En plus de la réorganisation de l’occupation du territoireMur végétal, le PAU incluait dès 2015 un volet de soutien aux Productions Agricoles Alternatives. Les précurseurs des Productions Agricoles Alternatives avaient initialement visé l’agriculture urbaine mais leurs tentatives furent soldées par un échec. Ces initiatives portaient sur la culture sur toiture et dans des tours agricoles. Les cultures sur toiture, principalement maraîchères en raison de la petite taille des surfaces, ne résistaient pas aux conditions climatiques difficiles au sommet des immeubles et renchérissaient considérablement le coût d’entretien des immeubles, s’attirant les foudres des occupants. Ces cultures ont vite été remplacées par des jardins d’agrément plantés d’espèces plus résistantes, contribuant néanmoins à l’isolation thermique des bâtiments, à la réduction du réchauffement urbain et à l’embellissement des villes, donnant à certains quartiers les faux airs de jardins de Babylone que nous connaissons aujourd’hui. De même, les tours agricoles constituées d’un empilement de serres contenant des cultures hors sol ont rapidement été abandonnées, en raison de coûts de production trop élevés.

Les investissements en Productions Agricoles Alternatives se sont au cours des années 2016-2017 rapidement réorientés vers la production de végétaux marins dont la production a explosé à la fin des années 10, portée par la demande asiatique, par l’essor de la cuisine ‘Zaolei’ (aux algues) dans les pays occidentaux et par l’absence à l’époque de réelle pression foncière sous-marine. Au final, le PAU a permis à l’Union Européenne de renforcer son statut de puissance agricole au niveau mondial.

Le remembrement urbain, facteur de relance des économies européennes dans les années 10

Les bénéfices économiques du PAU ont cependant largement dépassé le seul secteur agricole. Alors que l’on attendait au début des années 2000 beaucoup des énergies renouvelables pour soutenir l’industrie des économies matures, c’est finalement l’effort de remembrement urbain qui a relancé l’activité des membres de l’UE ayant appliqué le Pacte. Les conséquences économiques ont été multiples, à commencer par le scindement en 2 du marché de l’immobilier : un marché urbain sur lequel la pression foncière a permis aux promoteurs et collectivités de rentabiliser leurs opérations immobilières, et un marché rural pour lequel le classement des terres a permis un réinvestissement du bâti ancien. Mais la véritable contribution du PAU a d’abord été dans la forte mise à contribution du BTP et des opérateurs de services urbains qui ont dû reconstruire les réseaux, qu’ils soient d’énergies, d’eaux ou de transports. L’effort de reconstruction a permis à ces filières de développer l’emploi à tous les niveaux de qualification et aux opérateurs de se positionner sur le marché du remembrement qui connaît aujourd’hui un boom en Asie.

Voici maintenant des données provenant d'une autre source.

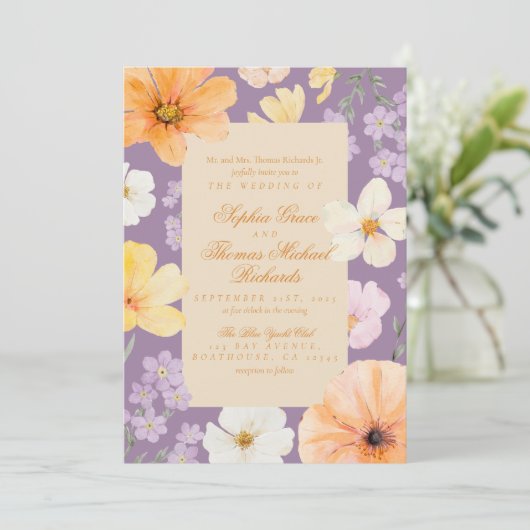 Elegant Floral Lavender Wedding Invitation Kaart (Staand voorkant)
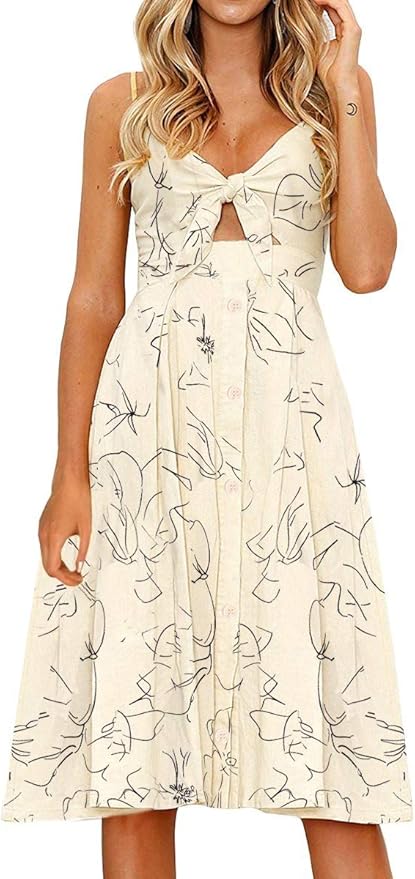 FANCYINN Womens Floral Prints Tie Front Midi Dress Review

Le retard italien perçu comme une occasion manquée

En Italie, alors que les sondages indiquaient dès 2015 que la population italienne était majoritairement favorable à la protection des terres agricoles et que les premiers pays membres ayant appliqué le Pacte affichent déjà des bénéfices durables de son application, aucun des gouvernements successifs n’a réussi jusqu’à présent à traduire le pacte dans la loi italienne. Les élus semblent redouter que les impacts concrets du remembrement urbain froissent les électeurs et acteurs de l’économie locale. Le ministre italien de l’industrie avait fait de l’application du PAU un marqueur de progrès de la société italienne. Le ministre, qui a quitté ses fonctions ce mercredi à l’issue du conseil des ministres, n’a pas indiqué le pays dans lequel il souhaitait s’installer avec sa famille, précisant simplement qu’il s’agirait d’un des 23 pays membres de l’UE ayant déjà voté le PAU « parce qu’ils témoignent tous de l’ambition de leur population et de leurs élus pour leurs pays ».